Watson’s ‘retirement’ from Argo followed news that the re/insurer had been subpoenaed by The US Securities and Exchange Commission over compensation practices for its executives.
Before that, Argo had been locked in an ongoing, messy back-and-forth with Voce, over issues including executive compensation practices and the independence of its board of directors.
Now, in a recently released statement, Voce has underlined its belief that “The abrupt ‘retirement’ of Argo’s CEO yesterday does not resolve our concerns about the Company’s operations, strategy and corporate governance.”
Voce says the handling of Watson’s departure raises more questions than it answers including the decision to allow him, in light of what appears to be an admission of misconduct, to receive a “cash severance of $2.5 million while continuing to collect base salary of nearly $200,000 over the next few weeks.”
Voce underlines what it perceives to be a need to reconstitute Argo’s board and consider external candidates for the now-vacant CEO temporarily being filled by President of Argo Group US Kevin J. Rehnberg.
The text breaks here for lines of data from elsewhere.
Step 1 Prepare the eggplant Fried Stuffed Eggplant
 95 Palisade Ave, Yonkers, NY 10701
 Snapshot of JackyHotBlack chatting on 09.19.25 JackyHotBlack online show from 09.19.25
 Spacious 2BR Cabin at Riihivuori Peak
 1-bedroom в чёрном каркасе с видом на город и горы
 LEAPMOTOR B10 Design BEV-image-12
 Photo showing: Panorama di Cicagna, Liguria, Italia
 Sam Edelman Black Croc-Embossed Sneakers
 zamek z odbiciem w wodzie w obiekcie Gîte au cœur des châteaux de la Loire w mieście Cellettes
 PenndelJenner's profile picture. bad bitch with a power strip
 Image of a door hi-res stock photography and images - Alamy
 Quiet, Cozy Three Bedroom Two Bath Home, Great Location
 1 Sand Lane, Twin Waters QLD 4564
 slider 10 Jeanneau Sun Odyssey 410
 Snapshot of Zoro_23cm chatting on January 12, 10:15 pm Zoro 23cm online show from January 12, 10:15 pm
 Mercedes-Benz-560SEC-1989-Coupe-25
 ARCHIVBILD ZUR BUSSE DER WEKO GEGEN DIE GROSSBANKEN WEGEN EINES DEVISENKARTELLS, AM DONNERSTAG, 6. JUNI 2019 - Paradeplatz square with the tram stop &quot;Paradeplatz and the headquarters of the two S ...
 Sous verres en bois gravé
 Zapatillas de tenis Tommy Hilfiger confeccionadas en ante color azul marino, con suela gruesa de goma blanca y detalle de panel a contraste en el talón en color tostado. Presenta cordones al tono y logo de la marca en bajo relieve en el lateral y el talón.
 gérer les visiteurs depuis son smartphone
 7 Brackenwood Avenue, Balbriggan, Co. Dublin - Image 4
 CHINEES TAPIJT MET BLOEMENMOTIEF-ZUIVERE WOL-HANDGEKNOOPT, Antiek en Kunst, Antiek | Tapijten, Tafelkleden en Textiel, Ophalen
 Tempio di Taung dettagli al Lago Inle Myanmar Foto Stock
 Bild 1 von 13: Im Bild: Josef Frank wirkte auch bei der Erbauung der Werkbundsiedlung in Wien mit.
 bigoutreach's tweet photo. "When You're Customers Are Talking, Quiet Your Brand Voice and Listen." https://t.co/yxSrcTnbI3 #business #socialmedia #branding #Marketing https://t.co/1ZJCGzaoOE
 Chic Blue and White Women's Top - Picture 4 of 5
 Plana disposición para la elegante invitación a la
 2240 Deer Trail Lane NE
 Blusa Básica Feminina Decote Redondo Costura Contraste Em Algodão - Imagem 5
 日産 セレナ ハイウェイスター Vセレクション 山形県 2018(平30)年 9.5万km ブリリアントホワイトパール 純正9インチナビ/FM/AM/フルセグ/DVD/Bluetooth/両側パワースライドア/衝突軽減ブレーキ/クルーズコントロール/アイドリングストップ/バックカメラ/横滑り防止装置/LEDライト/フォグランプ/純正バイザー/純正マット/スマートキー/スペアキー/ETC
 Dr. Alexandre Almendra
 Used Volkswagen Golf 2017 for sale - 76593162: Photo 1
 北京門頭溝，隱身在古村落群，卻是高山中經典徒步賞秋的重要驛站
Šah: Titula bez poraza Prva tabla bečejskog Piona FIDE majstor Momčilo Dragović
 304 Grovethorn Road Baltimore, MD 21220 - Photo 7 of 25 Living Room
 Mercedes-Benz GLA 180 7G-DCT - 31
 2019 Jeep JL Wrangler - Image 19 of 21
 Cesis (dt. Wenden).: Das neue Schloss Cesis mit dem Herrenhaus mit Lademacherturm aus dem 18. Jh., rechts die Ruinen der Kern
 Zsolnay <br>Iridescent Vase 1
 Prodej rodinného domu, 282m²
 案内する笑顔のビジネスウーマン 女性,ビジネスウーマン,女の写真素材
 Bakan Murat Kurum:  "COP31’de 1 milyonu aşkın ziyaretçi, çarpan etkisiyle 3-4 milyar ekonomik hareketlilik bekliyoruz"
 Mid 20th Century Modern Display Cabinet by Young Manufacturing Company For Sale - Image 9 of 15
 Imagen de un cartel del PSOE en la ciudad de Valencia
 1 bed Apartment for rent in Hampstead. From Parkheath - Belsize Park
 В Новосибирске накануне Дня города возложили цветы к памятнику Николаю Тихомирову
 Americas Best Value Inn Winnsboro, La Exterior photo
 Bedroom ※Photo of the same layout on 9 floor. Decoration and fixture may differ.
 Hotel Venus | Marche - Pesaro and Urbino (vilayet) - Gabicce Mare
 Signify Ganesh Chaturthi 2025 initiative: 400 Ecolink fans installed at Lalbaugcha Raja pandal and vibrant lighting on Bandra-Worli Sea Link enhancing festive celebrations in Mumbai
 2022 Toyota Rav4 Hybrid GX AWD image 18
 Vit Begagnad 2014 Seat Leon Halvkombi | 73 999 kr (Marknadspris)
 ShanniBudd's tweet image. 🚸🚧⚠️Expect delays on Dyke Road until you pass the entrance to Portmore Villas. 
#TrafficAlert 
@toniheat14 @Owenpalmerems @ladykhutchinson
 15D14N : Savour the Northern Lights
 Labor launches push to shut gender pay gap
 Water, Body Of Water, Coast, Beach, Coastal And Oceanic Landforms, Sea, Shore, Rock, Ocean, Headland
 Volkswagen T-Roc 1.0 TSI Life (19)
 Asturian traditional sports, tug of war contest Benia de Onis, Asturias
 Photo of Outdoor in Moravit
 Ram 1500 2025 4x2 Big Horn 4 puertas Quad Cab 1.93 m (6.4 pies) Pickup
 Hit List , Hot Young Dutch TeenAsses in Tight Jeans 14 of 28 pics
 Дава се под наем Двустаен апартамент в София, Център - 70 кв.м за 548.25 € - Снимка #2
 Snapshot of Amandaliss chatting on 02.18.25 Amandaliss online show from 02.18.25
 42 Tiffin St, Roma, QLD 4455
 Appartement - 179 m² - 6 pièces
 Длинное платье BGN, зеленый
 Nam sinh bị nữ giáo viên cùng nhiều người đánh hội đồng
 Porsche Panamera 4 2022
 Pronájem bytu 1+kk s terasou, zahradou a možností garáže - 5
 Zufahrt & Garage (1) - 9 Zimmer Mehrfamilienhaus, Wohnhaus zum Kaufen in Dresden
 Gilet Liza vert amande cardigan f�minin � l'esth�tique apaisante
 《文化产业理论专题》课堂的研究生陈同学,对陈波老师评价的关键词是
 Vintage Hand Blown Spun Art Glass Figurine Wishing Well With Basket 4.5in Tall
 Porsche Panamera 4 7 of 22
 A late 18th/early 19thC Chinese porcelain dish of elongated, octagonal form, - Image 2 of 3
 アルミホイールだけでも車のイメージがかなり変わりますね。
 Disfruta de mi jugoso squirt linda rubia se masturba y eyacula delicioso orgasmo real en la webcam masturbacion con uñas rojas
“With no disrespect to Mr. Rehnberg, who appears to have run the US business successfully, why would the Board refuse to even consider external candidates,” Voce’s statement reads, “especially given the large number of highly-qualified property and casualty CEOs who are currently available as a result of all of the M&A activity in the industry?”
Argo Group today reported a net loss of $25.1 million for the third-quarter versus net income of more than $40 million a year earlier, driven in part by an increase in current and prior accident year losses of $51.8 million.